Elaine Kalman-Naves

Testimony of Elaine Kalman-Naves, May 5, 2015

I am overwhelmed to be present in this courtroom at this moment of historical reckoning. I am here to honour the memory of dozens of members of my family, who perished in Auschwitz. I never imagined that I would travel to Germany. From childhood, I have been familiar with the sound of German place names. Gelsenkirchen, Sömmerda, Glachau, Buchenwald, Flossenburg, Bergen Belsen – these names punctuated stories my parents and their friends told about the war. They were stories of almost unimaginable horror.

I want to thank the court and the German people for the opportunity you are giving me to speak to you about the loss of the many members of my family whom I never knew, because I was born into loss. Unlike most of the other co-plaintiffs, I am not a survivor, but the child of two survivors. I was born after the war in Hungary, to parents who met after the war, and who had each been married to other people before the war. My father Guszav or Guszti Weinberger had been married to a woman called Margit , or Mancika, Mandula, and they had a little girl together called Eva Edith, or Évike, Weinberger. I am here to speak primarily about Évike, who would have been my older half sister had she not perished along with her mother in Auschwitz on June 3, 1944.

How, you might ask, can I speak authentically about someone whom I never knew? It’s a good question. Évike somehow is both my sister and not my sister. She is my sister because she was my father’s daughter, but I clearly could not have a relationship with her of the kind that you have with a sibling with whom you grow up. And yet, Évike has been a singular presence in my life from the time that I came into the world in November 1947 to this day, here in Lueneburg charged with telling you about her short life.

I was about six years old when I first really understood who Évike was, and she was six years old when she was murdered. Over the years, I have become older, but she has stayed six years old. So even though today she would be seventy-seven, in my mind now, she is a child like my grandchildren, not like an older sister at all. I feel a great sense of responsibility towards her, a little girl like so many other children who perished – but also a little girl like nobody else in the world, a unique individual, a unique person.
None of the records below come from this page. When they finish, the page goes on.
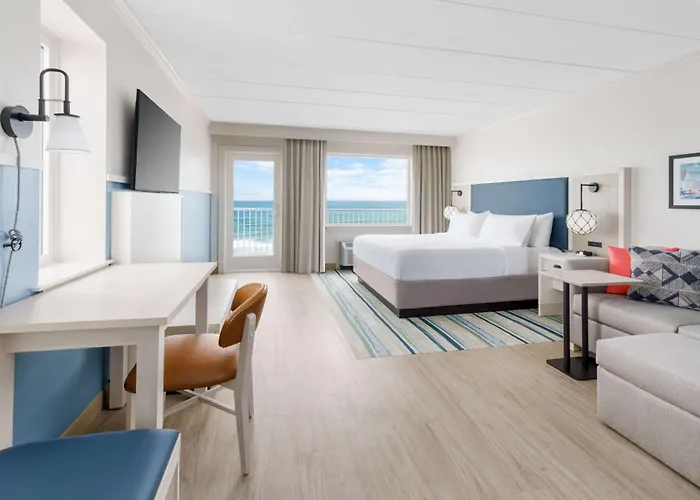 Hotel Hilton Garden Ocean Oceanfront 3*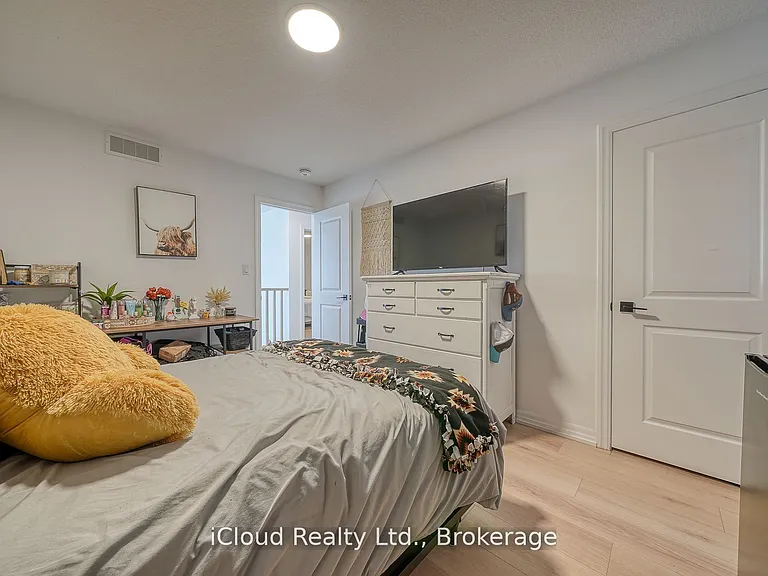 15 Curren Cres — Photo 25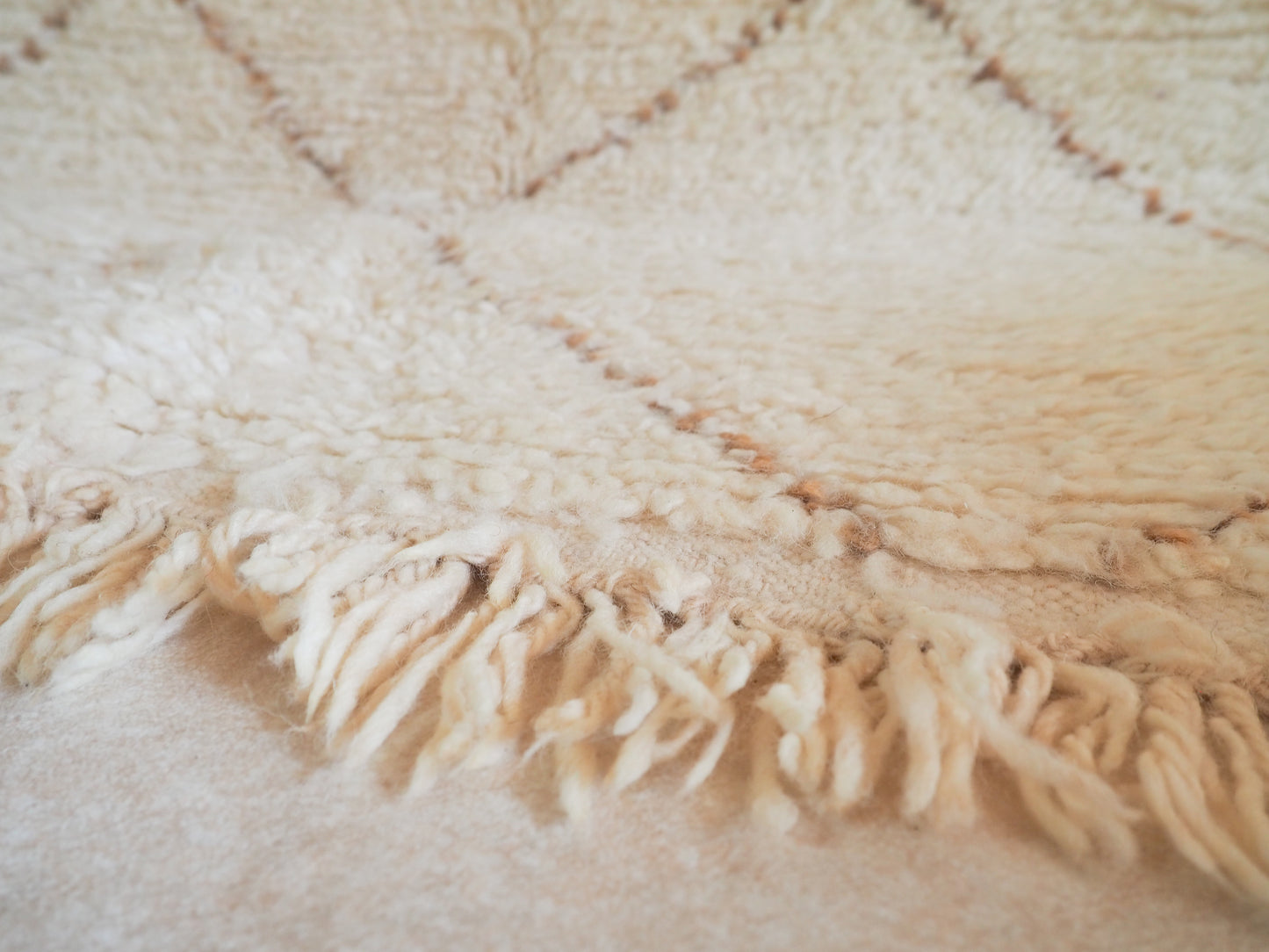 Beni Ouarain Teppich `Noura` – Handgefertigte Naturschönheit aus Marokko | 150 x 100 cm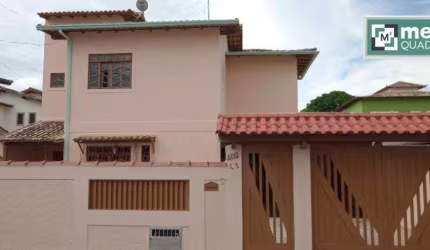 Casa com 3 dormitórios para alugar, 108 m² por R$ 2.836,48/mês - Extensão do Bosque - Rio das Ostras/RJ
Évike was born in the city of Debrecen on April 19, 1938, a much desired, much loved only child to Guszti, and Mancika. They were prosperous, hard-working, modern Orthodox, educated Jews who were completely integrated into Hungarian life. Guszti and his two brothers were third-generation farmers on an estate in northeastern Hungary, in a village called Vaja . Mancika was an accomplished, well educated young woman who had attended a finishing school in Switzerland. She was an adoring wife to my father and a devoted mother to Évike.

Évike’s childhood encompassed dark and menacing events in the world: anti-Jewish laws in Hungary, Kristallnacht in Germany and Austria, and the outbreak of war. Guszti was frequently away from home, serving in the special labour battalions into which Hungarian Jewish men were inducted, THE MUNKASZOLGALAT. Because of this, Évike and Mancika moved to the family estate in Vaja, where my father himself had grown up, and where there also lived my grandparents, and my uncle Pal, his wife, Mary, and their little girl, Marika. Despite the gravity of the situation, life remained relatively normal for them right up until a month before Évike’s sixth birthday: relatively normal until March 19, 1944.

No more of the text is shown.